Fire Ants Take the Fun Out of the Backyard 
              By ESTHER SCHRADER, Times Staff Writer

Report of  December 5, 1998 

You want to live in California for the great outdoors, the great parks, the great backyard of your suburban home where you can roughhouse with your kids on a lawn still green in December.  You don't want to be told a tiny red ant poses a threat to all that.

Which is why a six-legged newcomer to Southern California, a mandibular creature from South America with a venom that can kill, is not being greeted with open arms. 

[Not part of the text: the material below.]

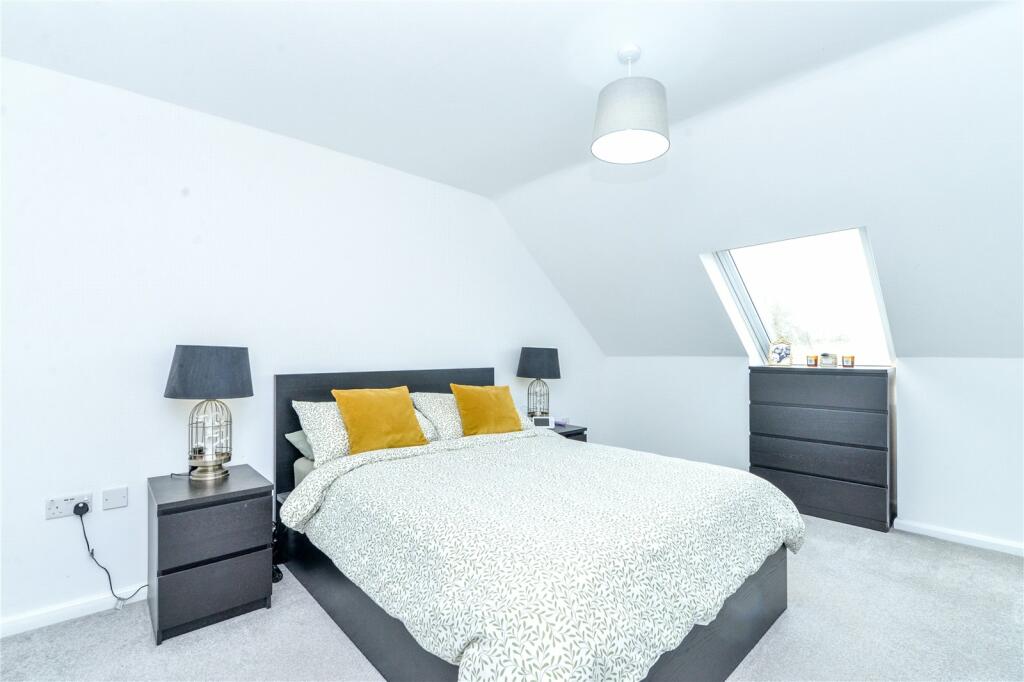 Additional image 4 of Bramshaw Way, Barton On Sea, New Milton, Hampshire, BH25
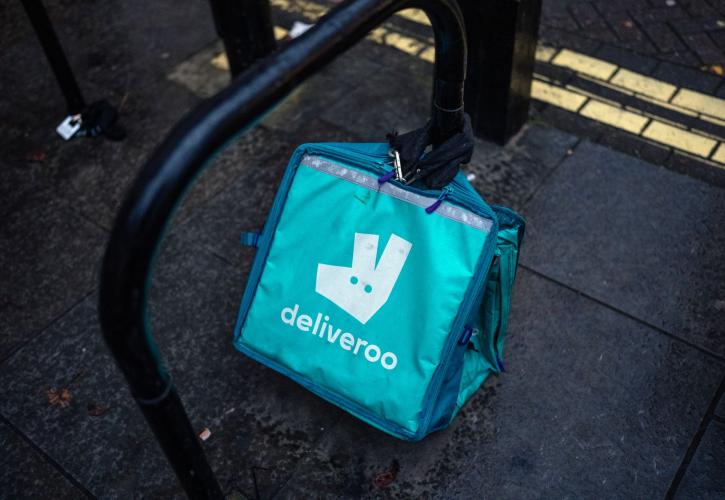 Deliveroo: Υπό δικαστική διαχείριση στην Ιταλία - 12ωρη εργασία για 1.000 ευρώ τον μήνα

"I can't believe they're out here. I thought I'd left all that behind," said Chris Newman, who moved to California 10 years ago from Texas, where the imported red fire ant has long been a painful part of life. 
Now Newman lives about 20 yards from a field near Trabuco Canyon that state agriculture officials say has been colonized by millions of the aggressive pests. Fighting them will be nasty, brutish and time-consuming.

Worse, perhaps, the war may be unwinnable. And, if the experiences of other states hold here, the ants may take a bite out of the Southland's celebrated outdoor lifestyle. 

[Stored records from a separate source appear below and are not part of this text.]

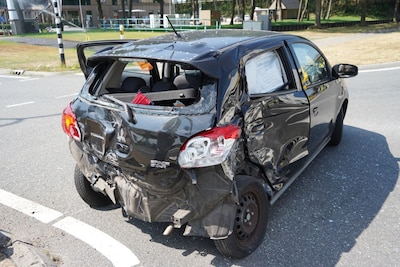 Auto raakt zwaar beschadigd na aanrijding met vrachtwagen op N377 in Zwolle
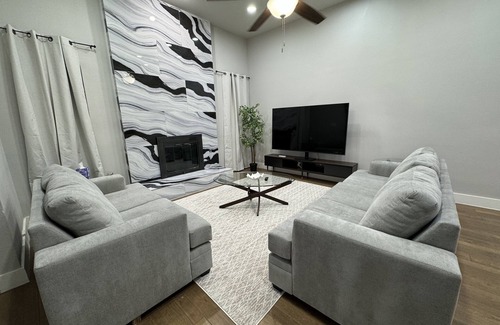 Northeast Carrollton Casa | 4B/2B Carrollton, TX - Contemporary Central Comfort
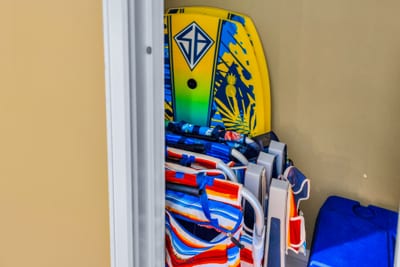 Beach gear storage to make island days easy HKK-443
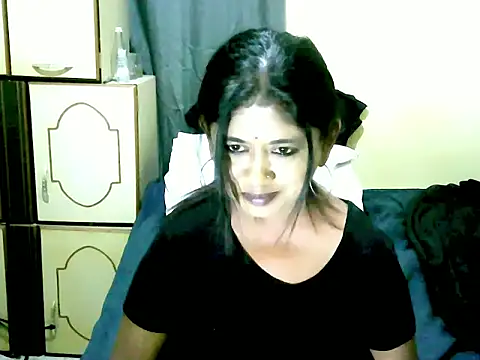 Snapshot of IndianPleasures21 chatting on 06.10.26 IndianPleasures21 online show from 06.10.26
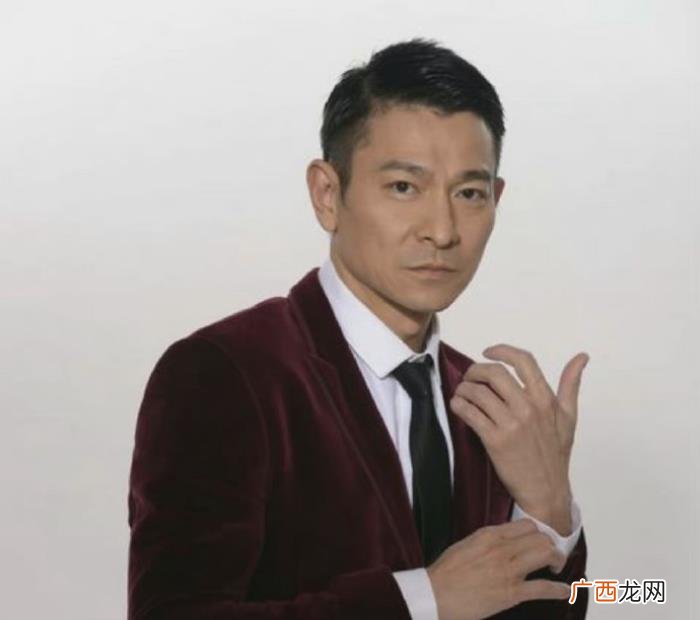 男神明星照，十大最帅的男明星、最漂亮的女明星各是谁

"Let's put it this way: If you have fire ants in your backyard, are you going to put a crawling baby on the ground?" said Robert Dowell, the chief entomologist for the California Department of Food and Agriculture. 

"What you find is these ants eliminate the use of your yards for kids to play in. You don't have to go any further than that to have a                      real change in lifestyle." 

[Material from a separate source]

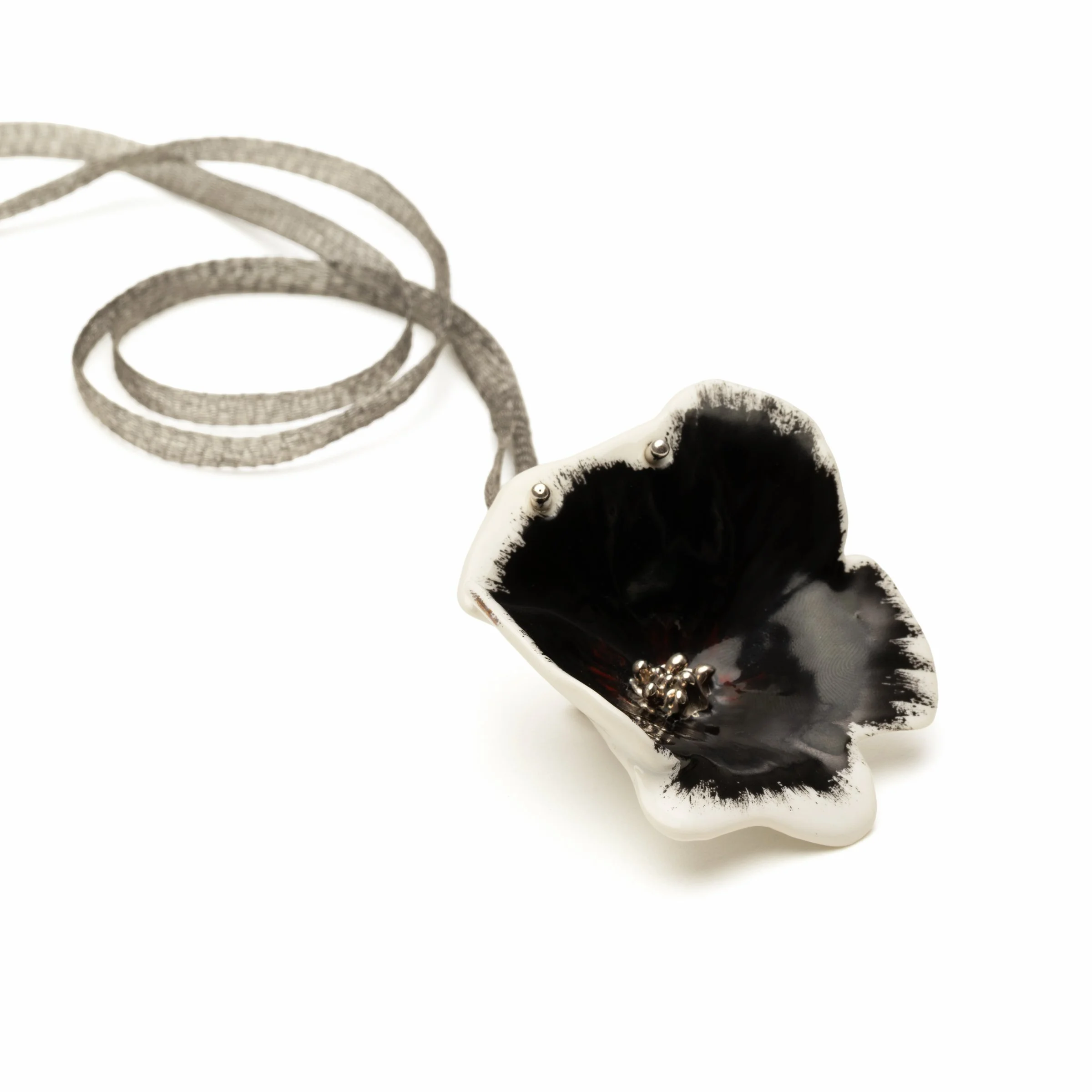 Roberta Piovani_07 Hibiscus Black_2_2026.jpg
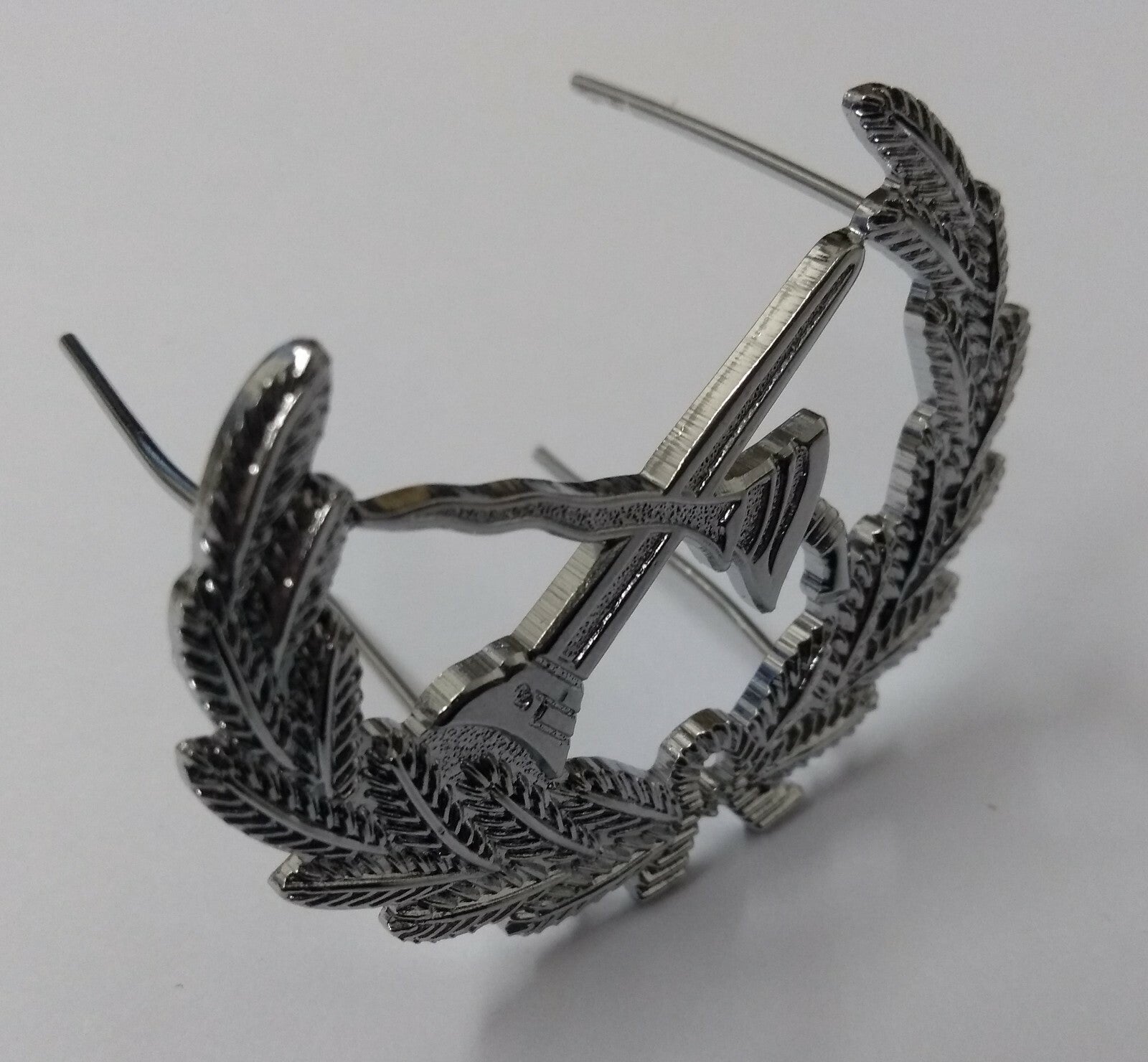 Indonesian Kris Keris Insignia Chrome Hat Badge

In 11 Southern states where the fight against the fire ant is a running battle, children are warned never to play outdoors without shoes on. Campers sprinkle campsites with pesticide before pitching their tents. Boaters can't get into their craft without brushing off the ants that crowd shorelines. Airport runway lights suddenly go dim when the ants take up residence inside their wiring.  And--in the worst cases--people with a severe allergy to the ant venom have died after inadvertently stepping on mounds and being swarmed by thousands of the territorial insects. 

"I don't go outside barefoot. Oh no, I can't do that," said Bill Rovira, 83, an Austin, Texas, retiree who could teach worried Californians why the scope of the fire ant menace belies the ant's size. 

Rovira came close to death last July when he stepped on a fire ant mound in his backyard that was obscured beneath a pile of leaves. Before he knew what had happened he had been stung by hundreds of the ants.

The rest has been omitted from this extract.